TOPSIDES SURFACE AREA: This is the total area exposed to the wind and seas that is above the waterline. This surface area is constantly exposed to the weather. Every sailboat ever built has a point where “the forces on exposed surface area will exceed the windward driving forces of the minimum sail area set”. An example: If you were caught on a lee shore with the wind increasing in strength, and you had your storm sails set to drive the boat off the lee shore but she would sail no better than 90 degrees to the wind, you would have reached the point where surface area exceeds the driving force of the sails. This problem increases rapidly as the surface area increases or the wind increases. Similarly, the driving forces improve as the surface area is reduced or the winds decrease. So it would be best to have a boat with minimum amount of exposed surface area. Boats that are most likely to have problems are split rigs such as ketches with a large cabin. The boat less likely to have a problem would be a sloop or cutter with a flush deck (if the freeboard is not too high).

HULL CONSTRUCTION: There are two ways to have a fiberglass hull constructed, cored or solid fiberglass.

CORED HULLS: The primary purpose for a cored hull is lightness and stiffness. The hull gets a thin layer of fiberglass, about 3/16″ depending on the builder. This is followed by about 5/8″ of lightweight core material, which also varies with the builder. This is all followed by another thin layer of fiberglass, about 1/8″. The result is a hull that is about 1″ thick, about 5/16″ of total fiberglass and 5/8″ core material. This hull will be light and hold its shape well because it is stiffer than if it were only 5/16″ fiberglass.

Although light, this construction method has the disadvantage that it has less impact resistance than a thicker solid fiberglass hull. That is, if the cored hull boat hit a log or a heavy or sharp object it would be penetrated easier than if it were nearly the same total thickness in solid fiberglass.

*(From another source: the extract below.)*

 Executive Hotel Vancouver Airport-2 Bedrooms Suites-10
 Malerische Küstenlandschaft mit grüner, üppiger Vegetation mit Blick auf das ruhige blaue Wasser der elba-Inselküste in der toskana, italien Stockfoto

We also know that osmosis now exists in fiberglass boats, which means that water will ingress through the hull. All builders are attempting to use modern materials to retard this from happening, but the truth is that it still happens only more slowly. What will happen to the core material if it is absorbent? Visit some boatyards and talk to the yard’s owner to find out if blistering is more prevalent on cored hulls than on solid hulls. What happens when two different materials, fiberglass and core material, are bonded together? Will they react differently under different temperate conditions? Will they expand and contract differently? Will there be eventual separation? Will the cored hull be as easy to repair as a solid fiberglass hull?

Another concern is the interior furniture is bonded to the inner liner or inner hull, which is separated from the outer hull by the core material, will they move differently when under the stress of rough seas over the years of offshore sailing? How do you install a thru-hull fitting in a cored hull for strength and longevity?

These are all questions that most builders will have answers for, but unfortunately, even they don’t know the answers until time passes and it is proven otherwise.

Solid Fiberglass Hull: The solid FRP (fiberglass reinforced plastic) hull should be nearly as thick as the cored hull. It will have similar stiffness characteristics but it will be considerably heavier. The additional weight on a cruising vessel will give the boat a better motion in a seaway, so this is not a disadvantage but an advantage. The solid thick hull will be stronger with better impact resistance. Because it is a thick, solid hull, it will resist moisture ingress longer as there is nothing to hold the moisture. The solid glass hull will have the furniture bonded directly to the hull, adding to the total strength. Unlike the cored hull, the thru-hull fittings will pass through and fasten to the solid thick hull.

The solid fiberglass hull is only as strong as the method and materials used for the lay-up. Fiberglass hulls get their strength from the resin-saturated fiberglass matt, roving and cloth. Resin by itself has little if any strength, in fact it is brittle. To produce a structurally strong lay-up there should be a layer of matt to absorb and hold the resin, and a layer of heavy roving also saturated with resin. The important factor is to remove all excess resin, and any air bubbles that may be trapped within these layers. If any excess resin remains it will be a brittle spot. If any air bubbles remain, it will react with the moisture as it enters the hull, and will expand causing separation and huge blisters. There are many different methods used to remove the excess resin and air bubbles. The Sam L. Morse Co. contracts Crystaliner to build their hulls. Crystaliner has a long-standing reputation for building strong offshore vessels, such as the Westsail and lifeguard rescue vessels. The hull is laid up entirely by hand; each and every square inch is hand squeegeed of excess resin and air bubbles. This procedure is closely supervised so that each hull receives the same treatment and number of lay-ups.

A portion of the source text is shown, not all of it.